Ghassan Tuéni est décédé aujourd'hui vendredi à l’âge de 86 ans. Avec sa mort, le Liban perd un grand journaliste, un diplomate et un homme politique dont le parcours a traversé l'histoire du pays du cèdre.
Né en 1926 et doté d’une personnalité exceptionnelle, Ghassan Tuéni fut député à 25 ans. Il a également occupé plusieurs fonctions ministérielles et diplomatiques : il fut notamment ambassadeur du Liban en Grèce puis à l'ONU où il côtoya les grands de ce monde.
Il est considéré comme le principal artisan de la résolution 425 du Conseil de sécurité en 1978 qui a appelé Israël à retirer ses troupes après son invasion du sud du Liban, et qui ne se matérialisera qu'en 2000.

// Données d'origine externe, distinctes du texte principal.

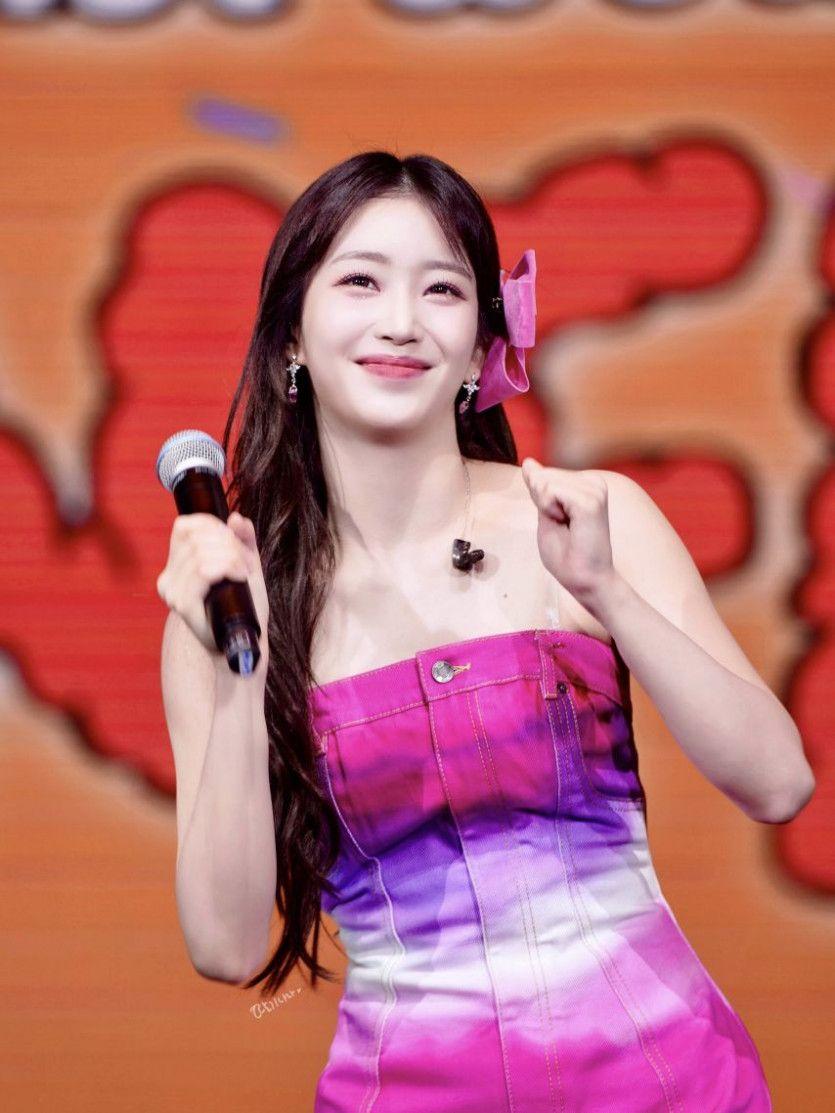 수민 (스테이씨)1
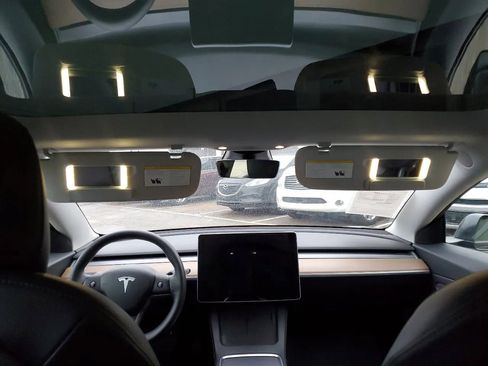 Used 2021 Tesla Model 3 Standard Range Plus image 25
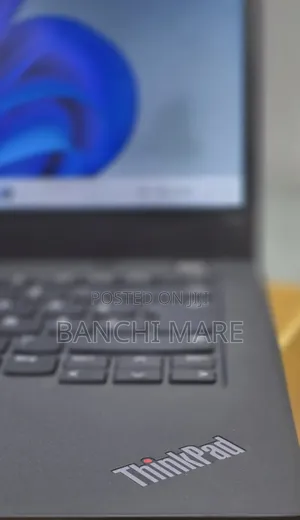 New Laptop Lenovo ThinkPad T14s Gen 2 16GB Intel Core i7 SSD 512GB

Propriétaire et ancien patron du journal à grand tirage an-Nahar, Ghassan Tuéni fut également PDG de L'Orient-Le Jour.
Surnommé le "doyen des journalistes libanais", Ghassan Tuéni est l'auteur de plusieurs ouvrages en arabe et en français, dont "Une guerre pour les autres" (1985) sur la guerre civile au Liban.
Si sa vie fut passionnante et parsemée de défis, elle fut également jonchée de drames. Ghassan Tuéni a perdu son fils aîné et député Gebran dans un attentat près de Beyrouth en décembre 2005 après le retrait des troupes syriennes du Liban.

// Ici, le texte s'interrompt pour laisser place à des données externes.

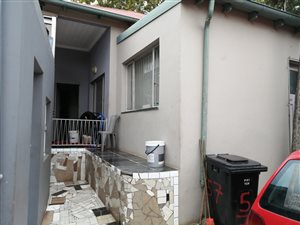 6 Bed House in Bellevue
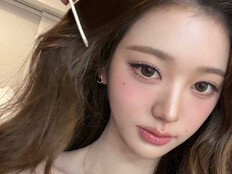 장원영, 영앤리치 앤 글래머러스…건강美 넘치는 드레스 자태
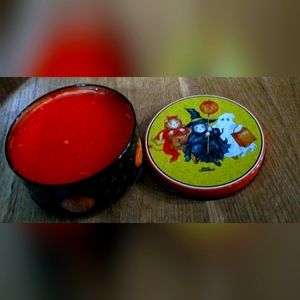 Vintage cucumber kitty collectable candle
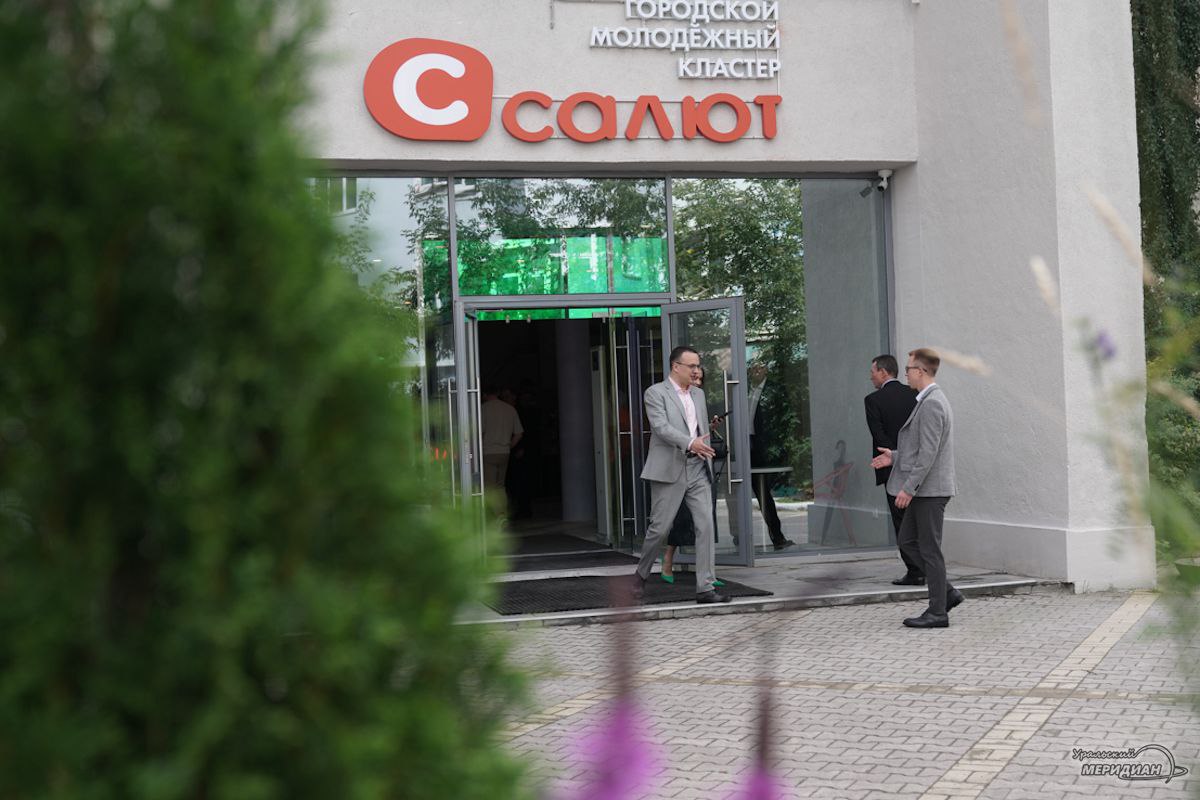 Молодежный кластер открыли на месте бывшего кинотеатра«Салют» в Екатеринбурге   Кинотеатр превратили в современный центр творчества.   Здесь можно заниматься: фильммейкингом, видеопроизводством, новыми медиа, урбанистикой, дизайном и другими креативными направлениями.    Пространство оборудовали коворкингами, переговорными, учебными классами, подкаст-студией, мастерскими, репетиционными залами и фотостудией. В следующем году в здании откроют ещё и музей кино    «Уральский меридиан»
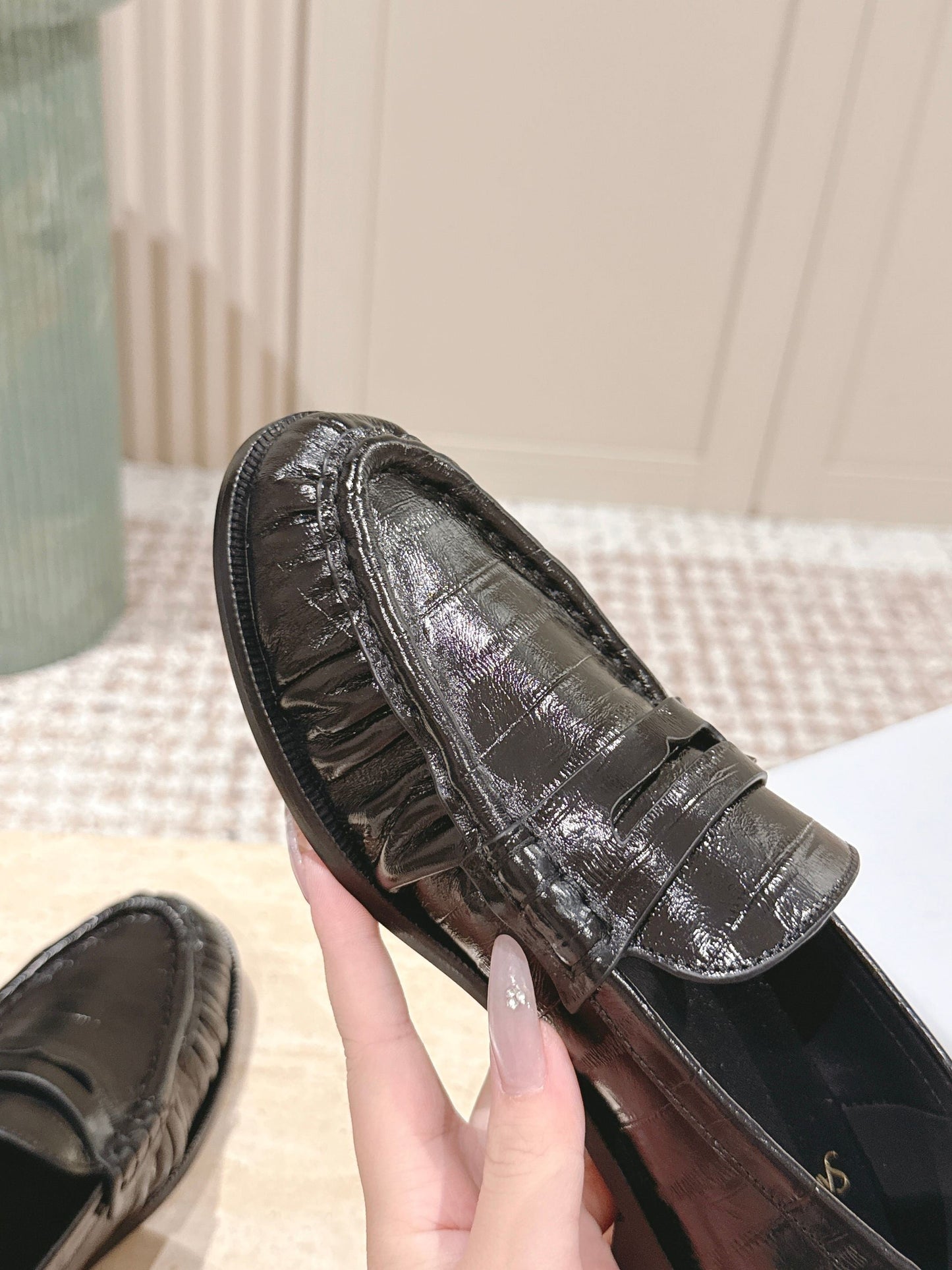 YSL 25S SAINT LAURENT LOAFERS IN BLACK GLOSSY CALFSKIN WITH SMALL LOGO - 35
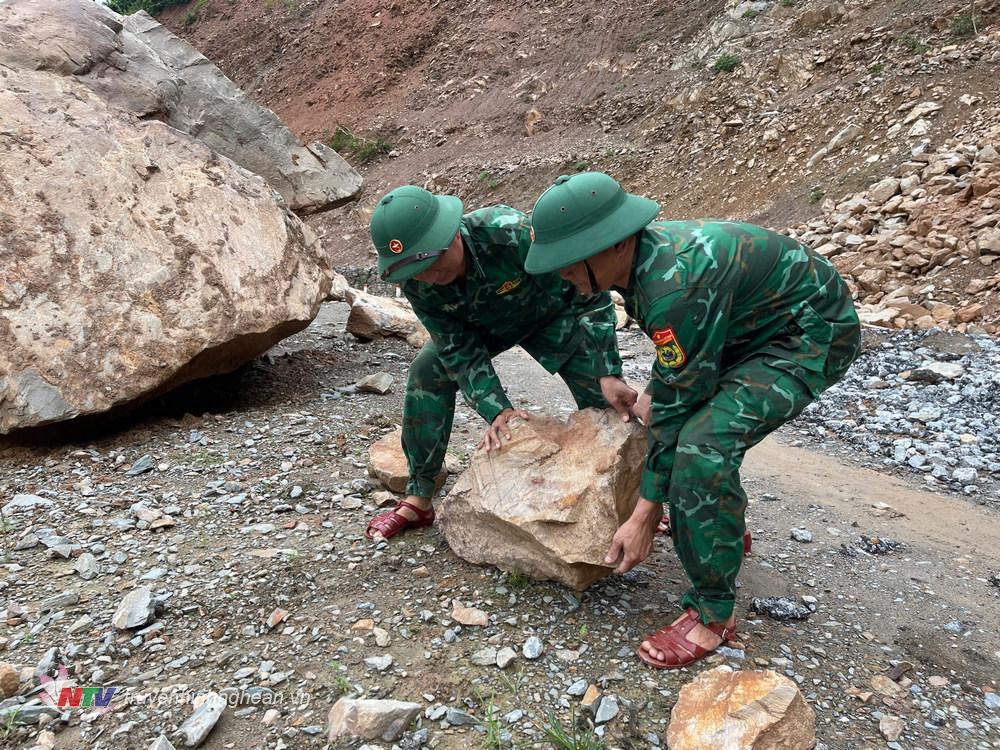 Cán bộ, chiến sỹ biên phòng hỗ trợ địa phương khắc phục tạm thời để phương tiện lưu thông.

Lors des funérailles de Gebran, anti-syrien notoire, suivies par des milliers de Libanais, il avait appelé au pardon, dans un Liban en proie alors aux divisions sectaires et secoué par de nombreux assassinats d’hommes politiques et de journalistes hostiles au régime de Damas. Ghassan Tuéni occupera par la suite la place de son fils assassiné dans l’hémicycle.
La mort de Gebran venait s'ajouter à celle de sa première fille Nayla, décédée en bas âge, de son autre fils, Makram, tué dans un accident de la route alors qu’il poursuivait ses études à Paris, et de celle de Nadia Hamadé, sa première épouse issue d’une grande famille druze et décédée des suites d'une longue maladie.
Ghassan avait pris en secondes noces Chadia el-Khazen.
Aujourd'hui, la petite fille de Ghassan Tuéni, la députée Nayla Tuéni, a déclaré à la MTV : "Ghassan Tuéni nous a appris comment être forts et comment être une famille. An-Nahar continuera son chemin".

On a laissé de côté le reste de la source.